With that said, unless there’s something very specific I want to capture, I’ll let models be themselves and do the job how they see fit. It’s like that especially for photo shoots that are more glamour or boudoir style where more of the model’s personality can show through. So in those cases the models can end up influencing the direction of the photos.

There are also times I’ve tailored ideas specifically for a model just because of her look. Those are times where I had someone booked and had to figure out something for her. Then there have been instances where I went in with one idea but some of the other looks we shot wound up stealing the show.

Since I have a huge library of photographs on my computer, sometimes I’ll come across something old that catches my eye and use it as reference for a painting or even for a photo manipulation. So I suppose a model’s influence can be felt long before or long after a photo shoot.

HI: Describe one of your latest projects that excites you the most.

DDL: I don’t know if I can. I just sort of make it up as I go along and don’t plan too far ahead. I have lots of notes for ideas I want to work on and probably won’t get to half of them. I normally work on one painting at a time and might have a loose idea for the next one. There are ideas about directions I’d like to go in but we’ll have to see if that happens. Even after all this time I like to experiment. Getting stuck in a “formula” isn’t going to challenge me. Luckily, all my work seems to tie in together whether I’m trying something new or not.

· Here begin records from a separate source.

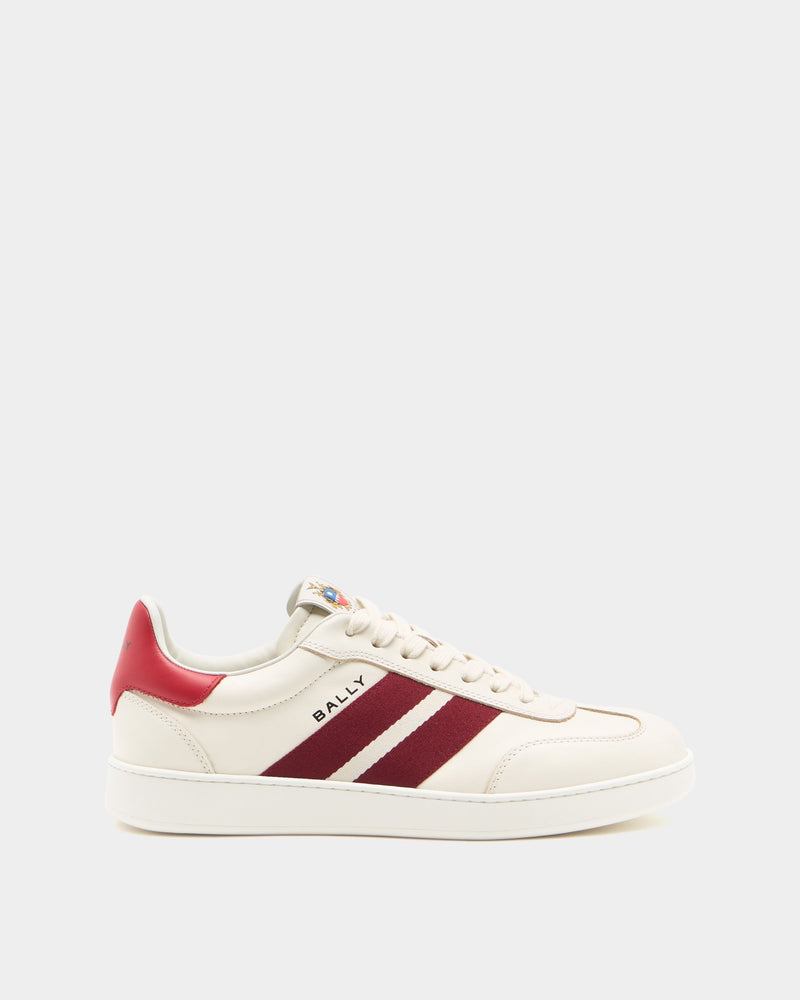 Retro Crest Sneaker in Ivory Leather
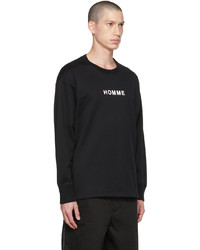 Comme des Garcons Homme Black Print Sweatshirt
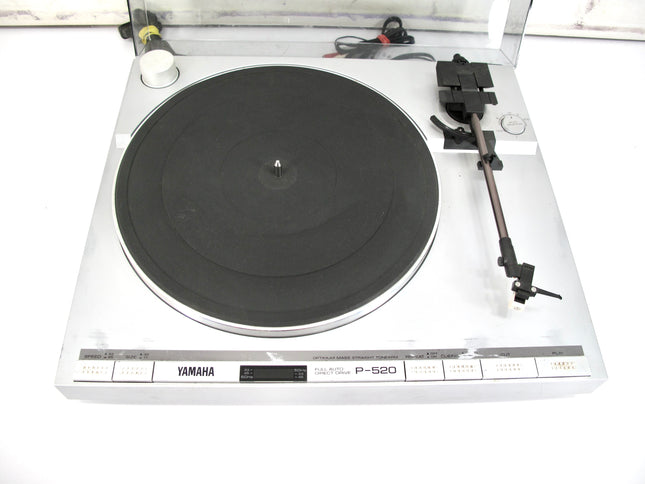 Yamaha P-520 Full Automatic Direct Drive Home Turntable Record Player w/Needle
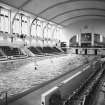 Aberdeen, Justice Mill Lane, Bon Accord Baths, interior.
View of pool area from South-East.

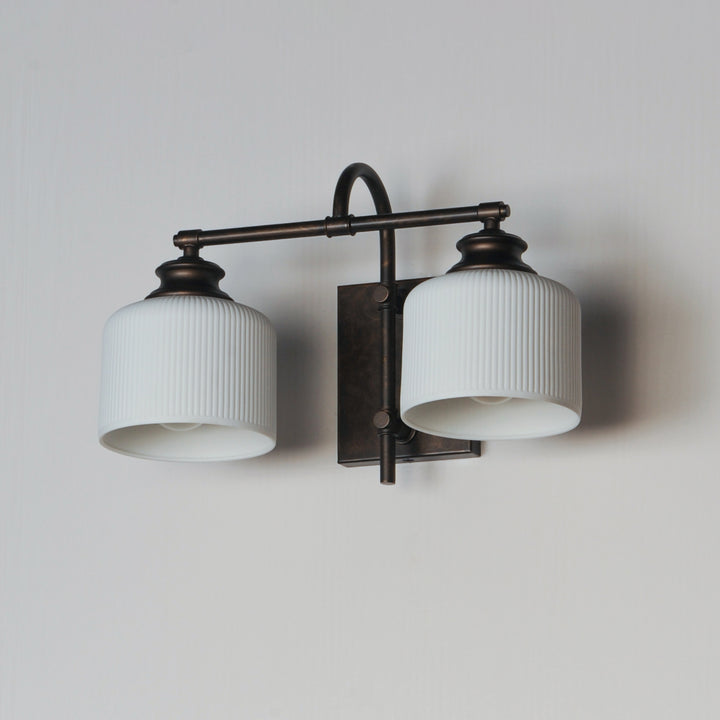 Bisque Wall Sconce White / Oil Rubbed Bronze alternate view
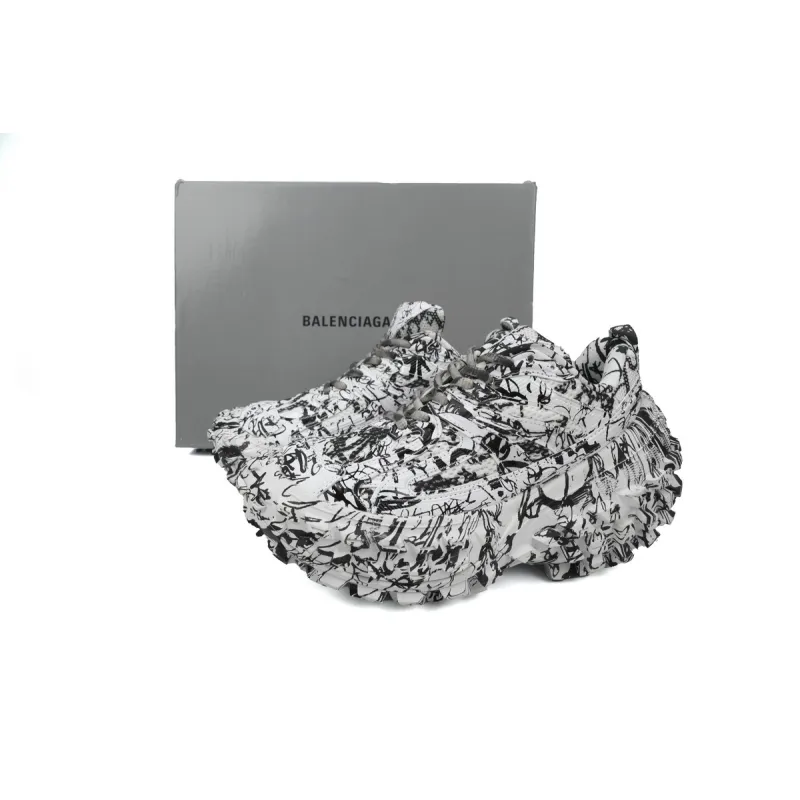 Flash Sale PKGoden Balenciaga Defender Graffiti 685611 W2RAM 9010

Tragedy Champagne. Model: Carlotta Champagne.


HI: What would you like to incorporate into your work that you have yet to try, or is there another form of media into which you'd like to delve besides painting and photography?

DDL: I’ve dabbled in video. In fact, a short one minute film I made was included in the 2012 Seattle Erotic Art Festival. It might be something I’ll work on in the future. It’s a matter of having the right ideas and, more importantly, the time and resources to pull it off. I’m an independent artist and don’t have a crew of people I work with. So I handle everything myself on the production end.

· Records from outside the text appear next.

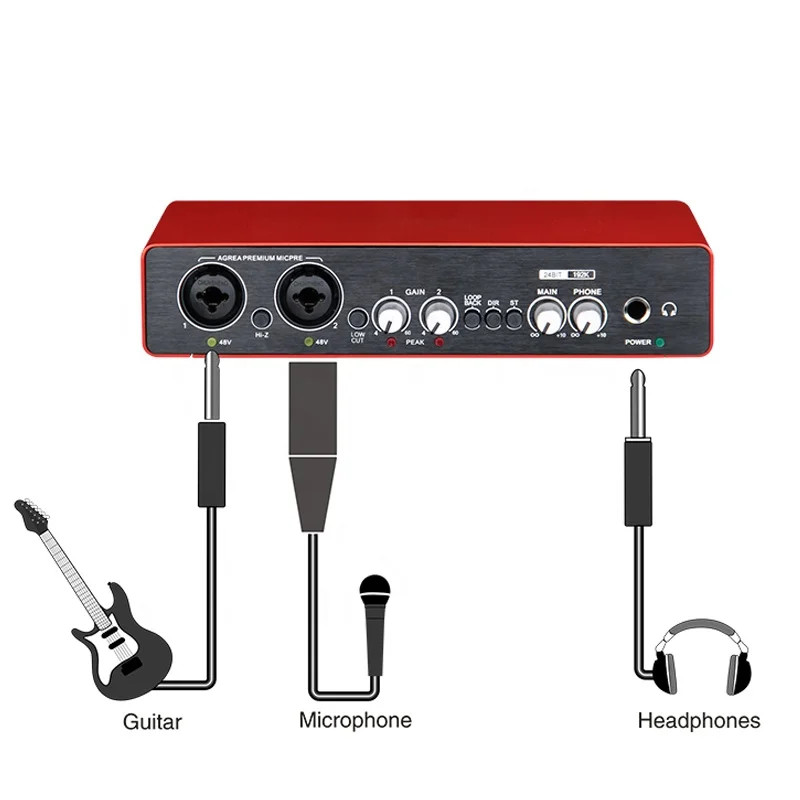 Professional Studio Recording USB Audio Interface with Creative Preamplifier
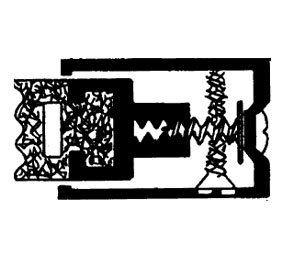 Dorbin 450DN Dark Brown 28" Head & Jamb Weatherstrip with Sponge Neoprene Insert - 1-1/4"W x 1"H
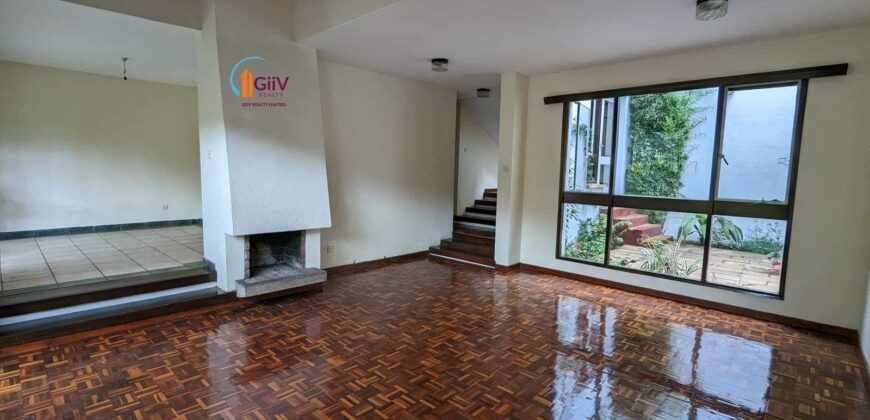 KILELESHWA; 4 Bedroom Townhouse with a private Garden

I have one idea I like to refer to as my Chinese Democracy because I may never finish it. I have several parts of it filmed but couldn’t finish the main part that ties everything together. It was too complicated to coordinate everyone I wanted. So I sort of gave up on it and continued with my painting and photography. I might put together everything I have into several videos one day, but they might seem like extended cuts of a Vine or Instagram movie.

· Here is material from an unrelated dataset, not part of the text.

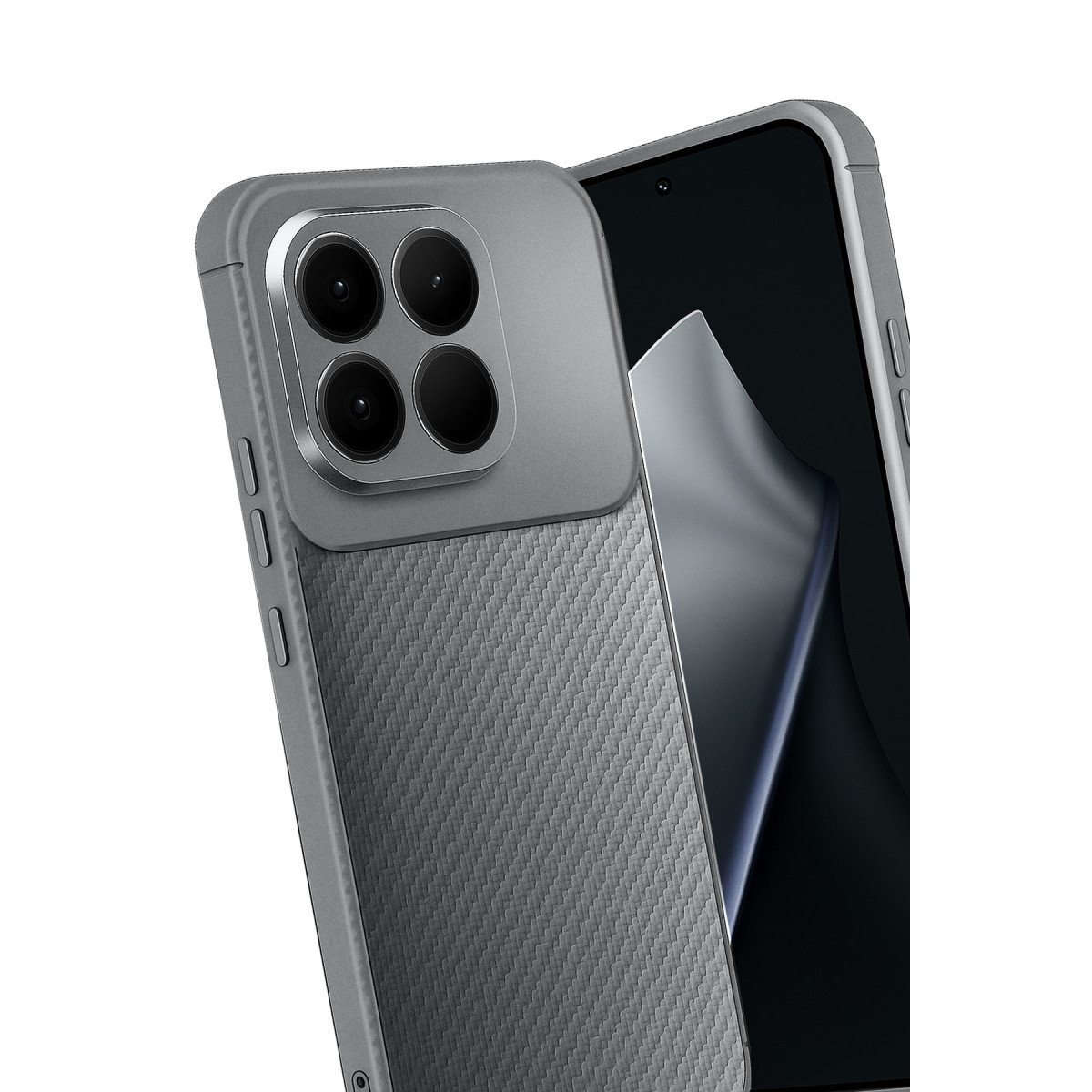 Newface Xiaomi Mi 15T Auto Focus Karbon Kapak - Gri — görsel 9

HI: Where would you like to see your art in the next 3-5 years in terms of media/gallery attention and the direction of your work?

DDL: Like many professional artists I’d obviously like to have my work in more of the types of galleries and publications that can take my career to another level and will help put me over as somebody whose work you should keep an eye on. Of course, I’m also realistic and know I might never be a big name that has sold out art shows and gets hundreds or thousands of likes online just for posting a doodle.

Sometimes I probably shoot myself in the foot because I’m not catering to any particular audience and put out the kind of work I want to. Whether or not that gets the attention of the right kinds of people remains to be seen. At the moment I’m content doing my work at my own pace and it’s good to know there are people who enjoy it because that motivates me to continue.

I’m sort of a journeyman of an artist. I’ve been around a long time already and been involved in well over 100 art exhibitions all over the country, won an award or two, and had my work published internationally. I’ve been in prestigious juried events and shitty one night only shows at bars. It’s an adventure and it’s hard to tell where things will go.